_Your task:_
Make a verbatim copy of the entries below; pictures stay out.

=== Begin Enclosure ===

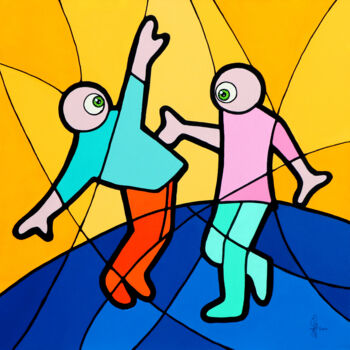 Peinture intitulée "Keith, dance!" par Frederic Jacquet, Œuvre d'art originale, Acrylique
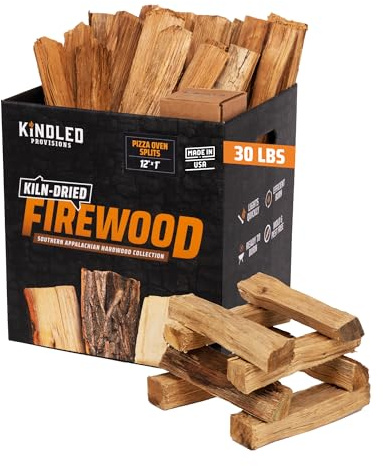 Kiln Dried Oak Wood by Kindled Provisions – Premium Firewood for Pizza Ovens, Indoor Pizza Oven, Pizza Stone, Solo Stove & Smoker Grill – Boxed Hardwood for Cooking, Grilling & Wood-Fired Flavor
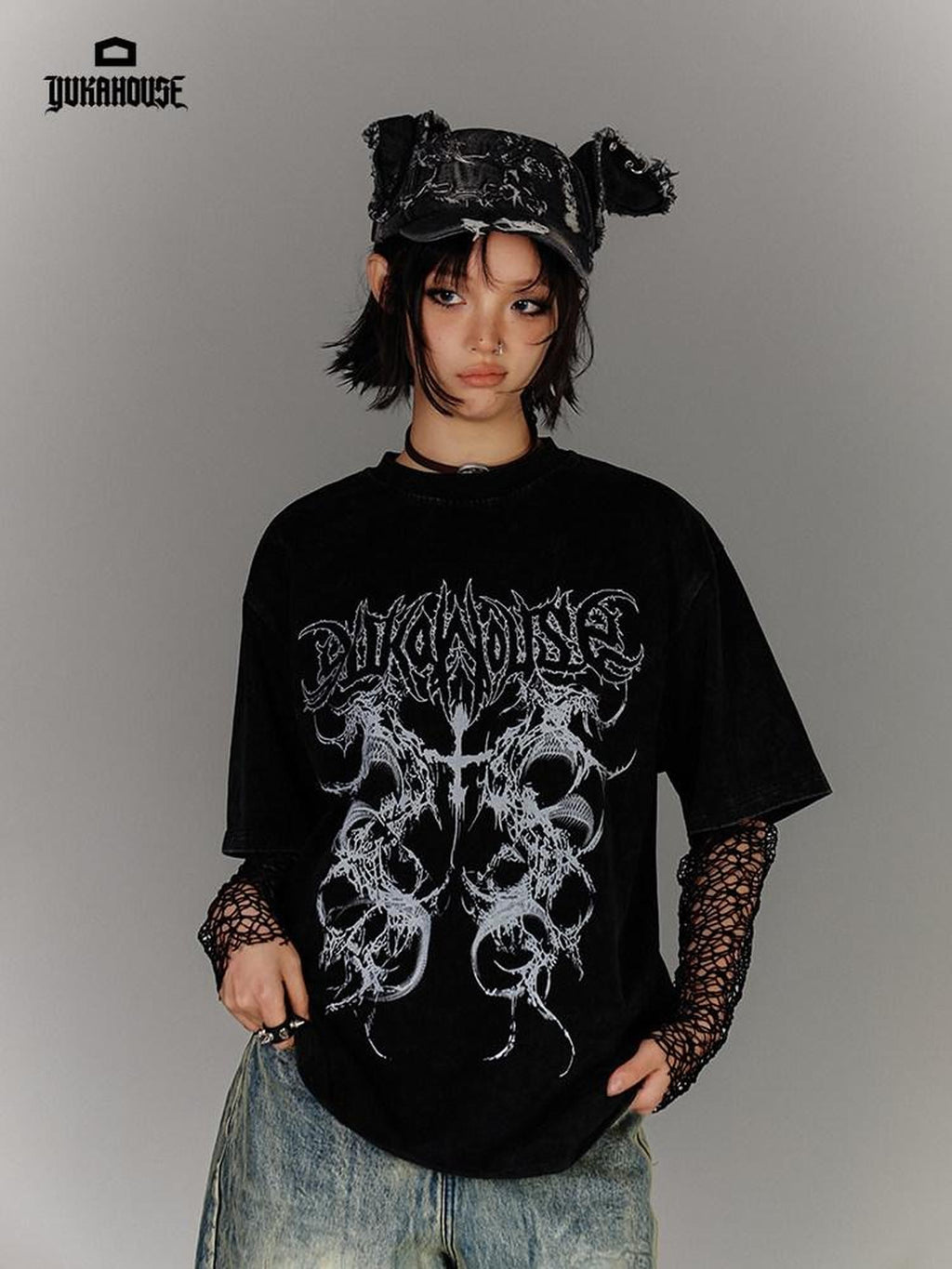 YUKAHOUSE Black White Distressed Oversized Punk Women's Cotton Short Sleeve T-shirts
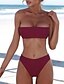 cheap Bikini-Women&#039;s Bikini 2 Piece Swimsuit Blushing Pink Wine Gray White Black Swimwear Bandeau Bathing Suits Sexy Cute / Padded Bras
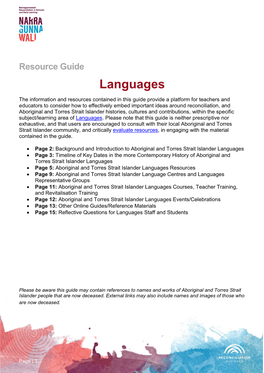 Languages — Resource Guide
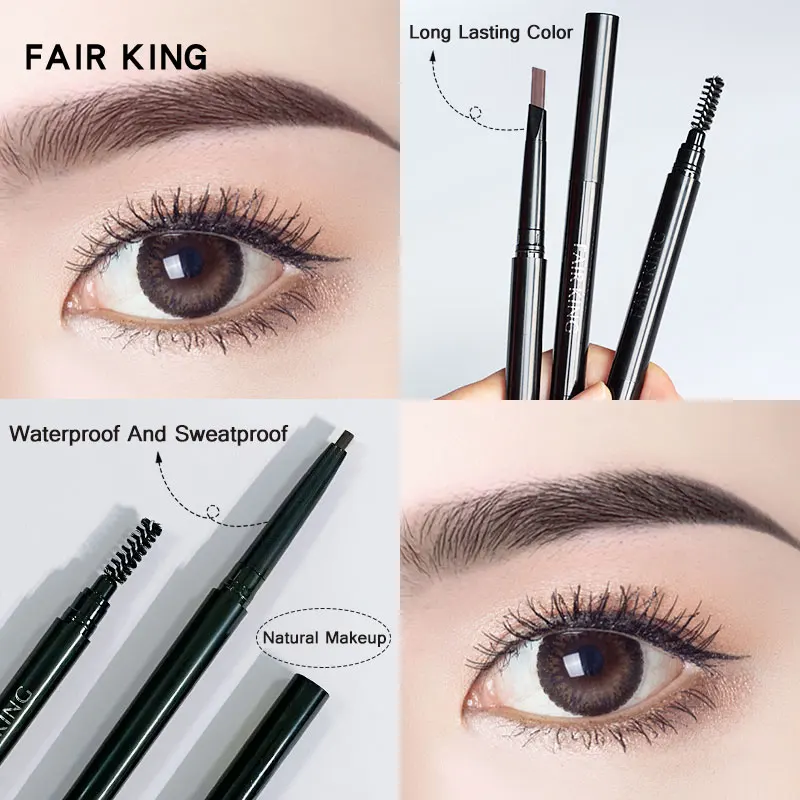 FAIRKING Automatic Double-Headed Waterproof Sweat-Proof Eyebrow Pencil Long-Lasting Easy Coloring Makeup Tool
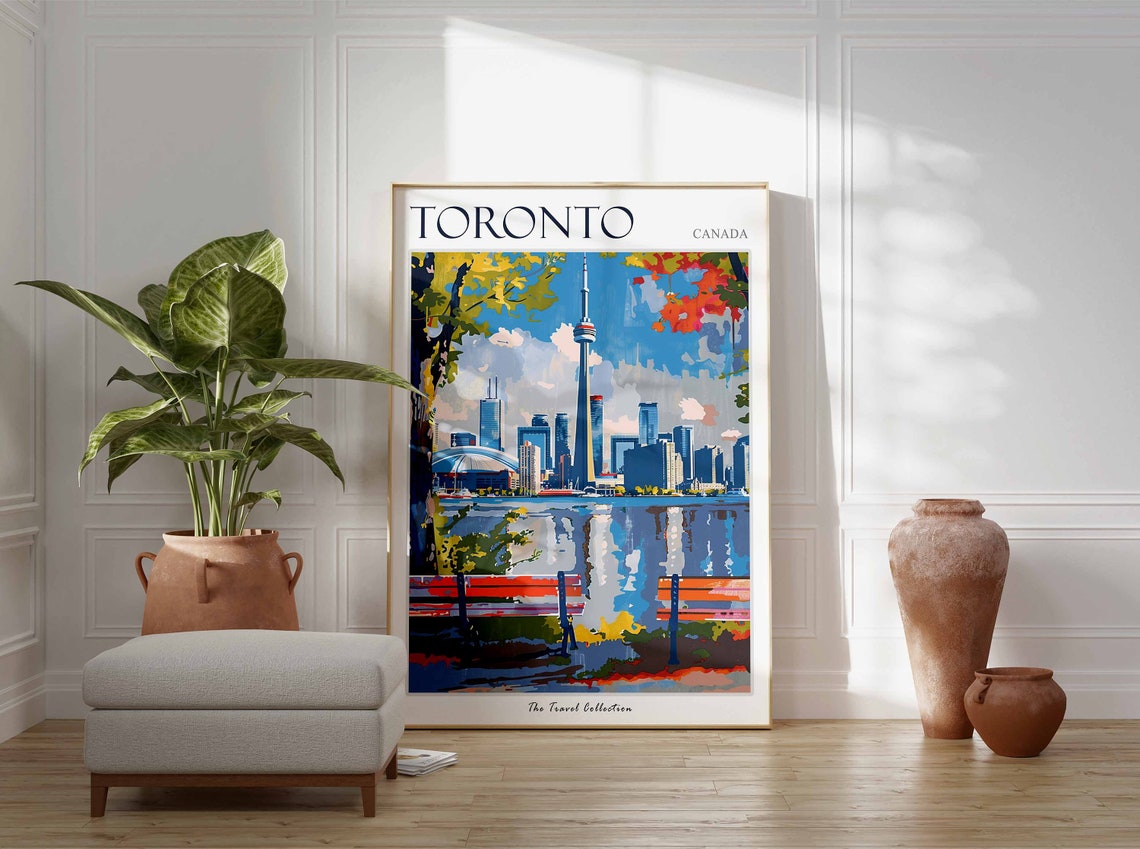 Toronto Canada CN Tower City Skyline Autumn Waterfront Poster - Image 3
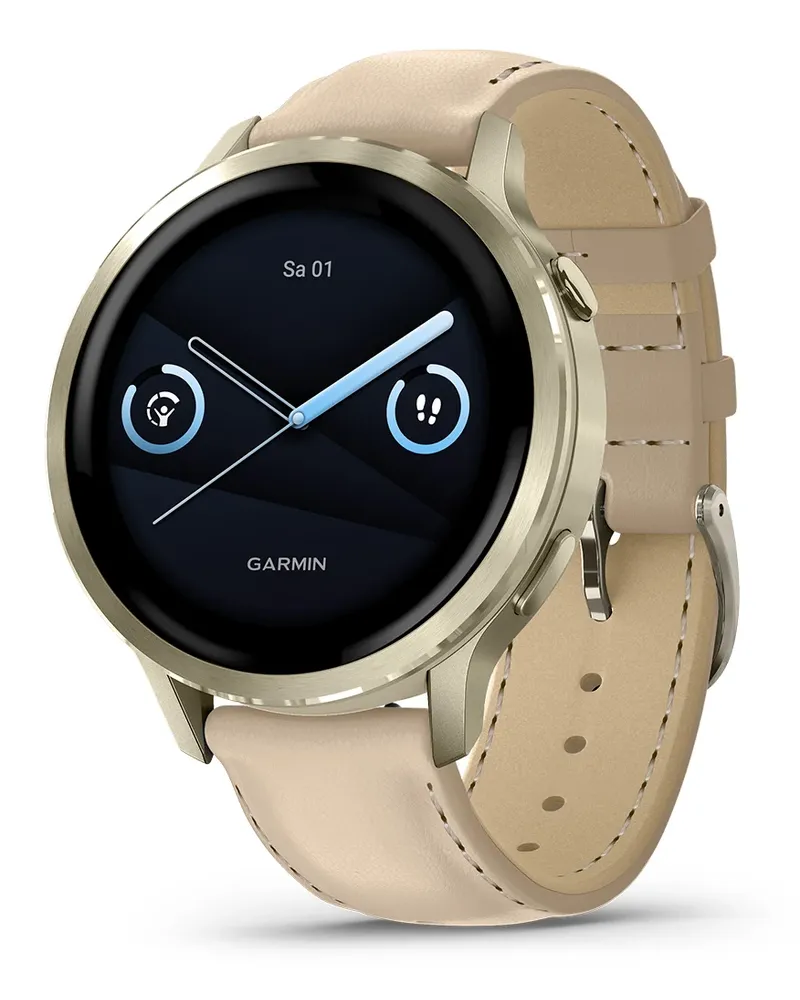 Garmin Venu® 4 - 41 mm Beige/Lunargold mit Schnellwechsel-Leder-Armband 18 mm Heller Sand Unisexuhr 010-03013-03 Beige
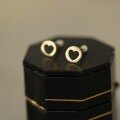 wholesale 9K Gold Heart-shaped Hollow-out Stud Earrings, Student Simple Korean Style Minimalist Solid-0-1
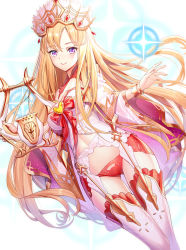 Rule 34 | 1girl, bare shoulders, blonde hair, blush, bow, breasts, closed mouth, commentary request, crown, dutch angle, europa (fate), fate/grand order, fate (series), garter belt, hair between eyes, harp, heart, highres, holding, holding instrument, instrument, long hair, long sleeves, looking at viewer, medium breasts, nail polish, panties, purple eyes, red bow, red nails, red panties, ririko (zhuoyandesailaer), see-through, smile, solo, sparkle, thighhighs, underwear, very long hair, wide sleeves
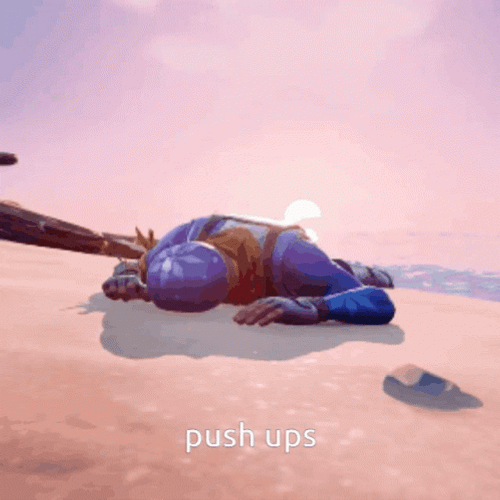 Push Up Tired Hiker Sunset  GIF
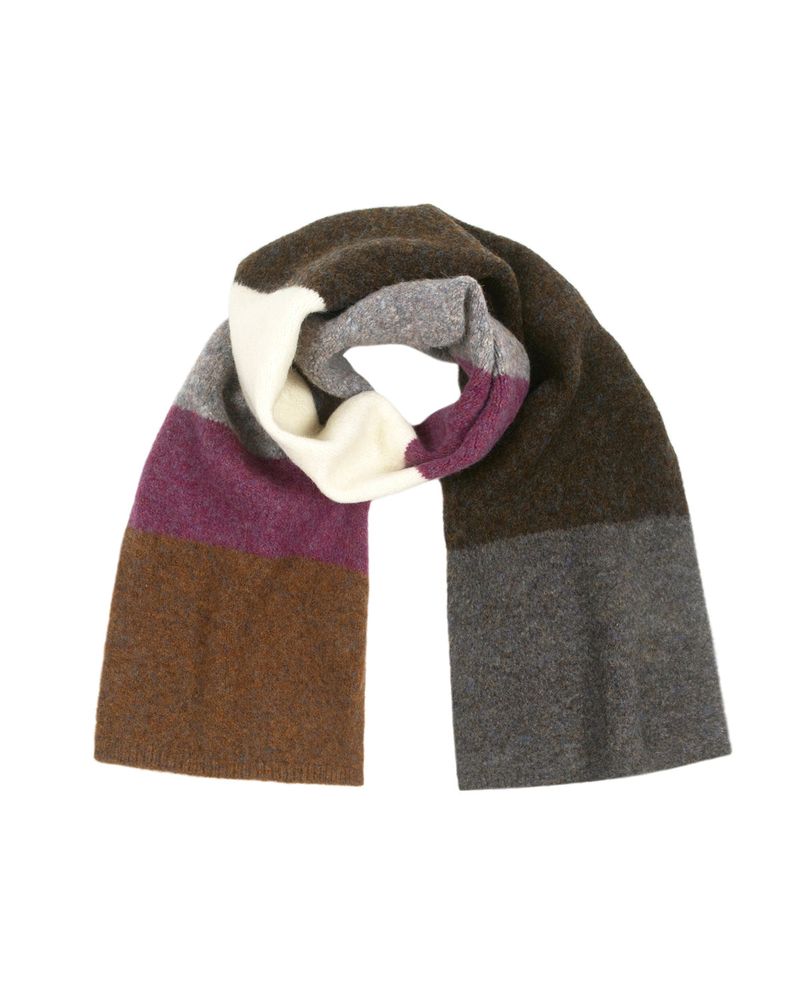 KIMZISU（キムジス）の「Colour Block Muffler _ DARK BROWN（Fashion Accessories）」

=== End Enclosure ===

_Output below:_
 Peinture intitulée "Keith, dance!" par Frederic Jacquet, Œuvre d'art originale, Acrylique
 Kiln Dried Oak Wood by Kindled Provisions – Premium Firewood for Pizza Ovens, Indoor Pizza Oven, Pizza Stone, Solo Stove & Smoker Grill – Boxed Hardwood for Cooking, Grilling & Wood-Fired Flavor
 YUKAHOUSE Black White Distressed Oversized Punk Women's Cotton Short Sleeve T-shirts
 cheap Bikini-Women&#039;s Bikini 2 Piece Swimsuit Blushing Pink Wine Gray White Black Swimwear Bandeau Bathing Suits Sexy Cute / Padded Bras
 Languages — Resource Guide
 FAIRKING Automatic Double-Headed Waterproof Sweat-Proof Eyebrow Pencil Long-Lasting Easy Coloring Makeup Tool
 Toronto Canada CN Tower City Skyline Autumn Waterfront Poster - Image 3
 Garmin Venu® 4 - 41 mm Beige/Lunargold mit Schnellwechsel-Leder-Armband 18 mm Heller Sand Unisexuhr 010-03013-03 Beige
 wholesale 9K Gold Heart-shaped Hollow-out Stud Earrings, Student Simple Korean Style Minimalist Solid-0-1
 Rule 34 | 1girl, bare shoulders, blonde hair, blush, bow, breasts, closed mouth, commentary request, crown, dutch angle, europa (fate), fate/grand order, fate (series), garter belt, hair between eyes, harp, heart, highres, holding, holding instrument, instrument, long hair, long sleeves, looking at viewer, medium breasts, nail polish, panties, purple eyes, red bow, red nails, red panties, ririko (zhuoyandesailaer), see-through, smile, solo, sparkle, thighhighs, underwear, very long hair, wide sleeves
 Push Up Tired Hiker Sunset  GIF
 KIMZISU（キムジス）の「Colour Block Muffler _ DARK BROWN（Fashion Accessories）」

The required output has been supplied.